A newspaper in Beijing features a photo of President-elect Donald Trump. It reads, “Outsider strikes back."  (Greg Baker/AFP/Getty Images)

When news broke that Donald Trump had talked on the phone with Taiwan President Tsai Ing-Wen, it was widely criticized as a foreign policy gaffe. A U.S. president had not spoken on the phone with a leader of Taiwan in decades for fear of upsetting the People’s Republic of China, which considers Taiwan a rogue province.

But Washington Post reporting on Monday revealed that the phone call was actually a planned provocation. According to interviews with people involved in its planning, the call was the beginning of a new strategy for engaging Taiwan and taking a tough stance on China.

The telephone call was totally unprecedented. But the combative attitude toward China was not. For decades, U.S. presidents have come into office with sharply negative rhetoric and plans toward China. What usually happens next is predictable, scholars say.

David Lampton, director of China studies at the Johns Hopkins School of Advanced International Studies, said there is a long tradition of politicians issuing bumper sticker statements against China. “And then when they get in a position of government, they find it’s very deleterious to uphold that proposal,” he said.

Ronald Reagan, for example, entered office in 1981 with already-rocky relations with China. During the campaign, he had criticized incumbent President Jimmy Carter for terminating diplomatic relations with Taiwan as the U.S. normalized relations with China in 1978. Reagan repeatedly promised to restore official ties with Taiwan and forge new weapons deals.

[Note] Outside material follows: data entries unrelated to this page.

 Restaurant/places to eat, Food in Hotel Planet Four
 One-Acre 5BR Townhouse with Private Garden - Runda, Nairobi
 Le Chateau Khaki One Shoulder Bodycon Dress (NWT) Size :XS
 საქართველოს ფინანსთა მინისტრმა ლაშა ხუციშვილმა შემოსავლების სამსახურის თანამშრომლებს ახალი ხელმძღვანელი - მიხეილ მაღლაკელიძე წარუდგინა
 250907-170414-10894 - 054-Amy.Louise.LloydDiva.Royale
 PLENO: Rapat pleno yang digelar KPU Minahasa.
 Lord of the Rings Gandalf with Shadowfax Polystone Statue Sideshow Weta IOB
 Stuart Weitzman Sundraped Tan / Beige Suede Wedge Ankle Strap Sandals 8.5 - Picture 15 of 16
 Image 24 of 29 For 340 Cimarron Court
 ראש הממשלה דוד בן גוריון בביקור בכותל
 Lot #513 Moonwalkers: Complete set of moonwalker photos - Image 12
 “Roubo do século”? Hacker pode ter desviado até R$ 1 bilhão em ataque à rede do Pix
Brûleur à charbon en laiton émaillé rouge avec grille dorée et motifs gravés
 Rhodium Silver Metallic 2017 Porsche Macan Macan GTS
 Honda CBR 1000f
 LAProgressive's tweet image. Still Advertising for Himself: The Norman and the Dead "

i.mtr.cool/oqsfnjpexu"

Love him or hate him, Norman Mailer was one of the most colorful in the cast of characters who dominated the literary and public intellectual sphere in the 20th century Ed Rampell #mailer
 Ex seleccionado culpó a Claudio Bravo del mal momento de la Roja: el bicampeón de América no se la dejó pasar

Once in office, however, Reagan and Vice President George H.W. Bush embarked on a closer working relationship with China than ever before, according to Paul Haenle, director of the Carnegie Tsinghua Center for Global Policy. Under Reagan, U.S. military officers met with their Chinese counterparts for the first time, and the U.S. began exporting “dual-use technology” like torpedoes, artillery-locating radars and helicopters to the Chinese military, Haenle says.

In the 1992 presidential campaign, which came shortly after the bloody protests in Beijing’s Tiananmen Square, Bill Clinton famously inveighed against the “butchers of Beijing.” Clinton attacked incumbent George H.W. Bush for “coddling dictators” in China and “sending emissaries to raise a toast with those who crushed democracy.”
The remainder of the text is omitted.